Quizá habría que partir de algunos hechos ciertos, o al menos admitidos por la mayoría de los entendidos:
1º.- Por el color, actualmente los vinos de mesa suelen dividirse en tintos, rosados y blancos.
2º.- El tinto es tinto porque fermenta con el hollejo, no por el color de las uvas de las que nace. El hollejo es el que tiene la mayor parte de los taninos, polifenoles, levaduras, etc.
3º.- El rosado y el blanco fermentan sin el hollejo; sólo el mosto o con muy poco hollejo.
¿Dónde queda pues el clarete? ¿Qué es en realidad este tipo de vino? La respuesta no es única, sino al menos doble y quizá por esta indefinición o doble significado se está perdiendo su uso, ya que su significado no es unívoco.
Etimológicamente el vocablo viene del francés “clairet” y se comenzó a aplicar hace unos cuatro o cinco siglos a algunos caldos de Burdeos ligeros, que salían con un color menos oscuro que la mayoría de los tintos de la zona. También eran más claros que los de Borgoña o los Beaujolais franceses, y que los Ribera o Toro españoles. Ese tipo de Burdeos, casi transparente, gustó mucho en Gran Bretaña (y después en Estados Unidos) donde se le llamó “claret”, probablemente a partir la palabra francesa “clairet” que los designaba. Su color se acerca al de la cereza en sazón, es decir que es algo más claro que el de la picota madura, que tira más al negro. El nombre se difundió y puede verse en las etiquetas de algunas botellas de Burdeos, especialmente en las que se exportaban y se exportan al Reino Unido y USA. También se lee en el marbete de algún Rioja, en donde el proceso fue parecido, y se llamaban y aún se llaman “claretes” a tintos menos subidos de color, pero que –como los Burdeos- fermentan con el hollejo, es decir que son tintos por su génesis.
Por otra parte, –y aquí nace el doble significado-, en Castilla, se llama “claro” al vino que en otros muchos lugares llaman rosado. Como quiera que “claro” y “clarete” parecen vocablos relacionados, no son pocos los que en Castilla y en otros pagos llaman “clarete” al rosado, es decir a un vino de color fresa joven o rosa poco subido, que fermenta sin el hollejo, es decir que es un rosado auténtico, tanto por su aspecto como por su génesis.
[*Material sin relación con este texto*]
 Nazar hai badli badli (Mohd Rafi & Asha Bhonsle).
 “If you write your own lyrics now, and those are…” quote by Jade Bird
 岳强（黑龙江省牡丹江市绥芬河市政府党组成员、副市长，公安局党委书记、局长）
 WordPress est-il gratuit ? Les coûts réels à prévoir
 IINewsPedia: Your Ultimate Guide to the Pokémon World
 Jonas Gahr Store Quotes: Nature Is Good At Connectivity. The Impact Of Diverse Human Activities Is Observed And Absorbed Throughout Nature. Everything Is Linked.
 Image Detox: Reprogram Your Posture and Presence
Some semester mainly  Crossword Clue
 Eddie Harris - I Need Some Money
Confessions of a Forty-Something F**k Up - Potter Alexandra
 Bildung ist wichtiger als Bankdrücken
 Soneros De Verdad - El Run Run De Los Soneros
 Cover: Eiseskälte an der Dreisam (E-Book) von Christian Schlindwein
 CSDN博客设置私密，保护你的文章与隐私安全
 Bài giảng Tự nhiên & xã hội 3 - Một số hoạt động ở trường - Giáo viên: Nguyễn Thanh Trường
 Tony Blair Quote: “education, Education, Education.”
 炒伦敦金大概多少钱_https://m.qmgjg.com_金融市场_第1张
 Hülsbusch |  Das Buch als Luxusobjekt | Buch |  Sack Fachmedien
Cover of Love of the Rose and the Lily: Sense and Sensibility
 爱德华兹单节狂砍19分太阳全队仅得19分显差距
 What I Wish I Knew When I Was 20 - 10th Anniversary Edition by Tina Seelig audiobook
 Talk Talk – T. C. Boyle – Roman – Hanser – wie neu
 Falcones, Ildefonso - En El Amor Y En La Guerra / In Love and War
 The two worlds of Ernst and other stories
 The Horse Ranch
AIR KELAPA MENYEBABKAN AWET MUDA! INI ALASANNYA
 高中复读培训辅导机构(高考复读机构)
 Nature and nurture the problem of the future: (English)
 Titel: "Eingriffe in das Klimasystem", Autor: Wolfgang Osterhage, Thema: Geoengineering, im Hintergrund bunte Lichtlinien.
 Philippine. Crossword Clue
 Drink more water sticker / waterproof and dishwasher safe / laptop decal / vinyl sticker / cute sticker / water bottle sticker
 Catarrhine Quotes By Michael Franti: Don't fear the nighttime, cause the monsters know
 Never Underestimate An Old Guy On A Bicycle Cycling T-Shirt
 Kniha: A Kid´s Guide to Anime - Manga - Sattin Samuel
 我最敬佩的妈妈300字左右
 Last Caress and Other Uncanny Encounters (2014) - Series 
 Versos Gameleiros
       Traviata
Y ahí está la dificultad, pues en tanto que en gran parte de Europa el “claret” es un tinto de bajo color (como en Francia y en Gran Bretaña), en muchas partes de España el clarete se identifica con el rosado.
Mi abuela doña Luz, -que era devota del Burdeos y del Rioja-, decía que a ella le gustaba el “clarete”, refiriéndose siempre al vino tinto ligero, de color cereza en sazón, que fermenta con el hollejo, tiene “bouquet”, gana en barrica, se afina en botella y se sirve “chambré”, o sea a la temperatura de la habitación en la que se bebe; es decir, como todos los tintos. A mí me gusta también el “clarete”, pero –al contrario que mi abuela- me refiero al “claro”, ese vino rosa pálido que fermenta sin el hollejo, apenas tiene “bouquet”, gana poco en barrica, casi no se afina en botella y se bebe joven y fresco, a siete u ocho grados más o menos. O sea el que ahora casi todos llaman “rosado”.
Quizá por esta ambivalencia en el significado, el vocablo se está perdiendo. De hecho, cuando pido vino clarete en el restaurante, casi siempre me preguntan ¿rosado, verdad? Yo digo que sí, que rosado, pero mi abuela, si viviera, se quedaría desconcertada.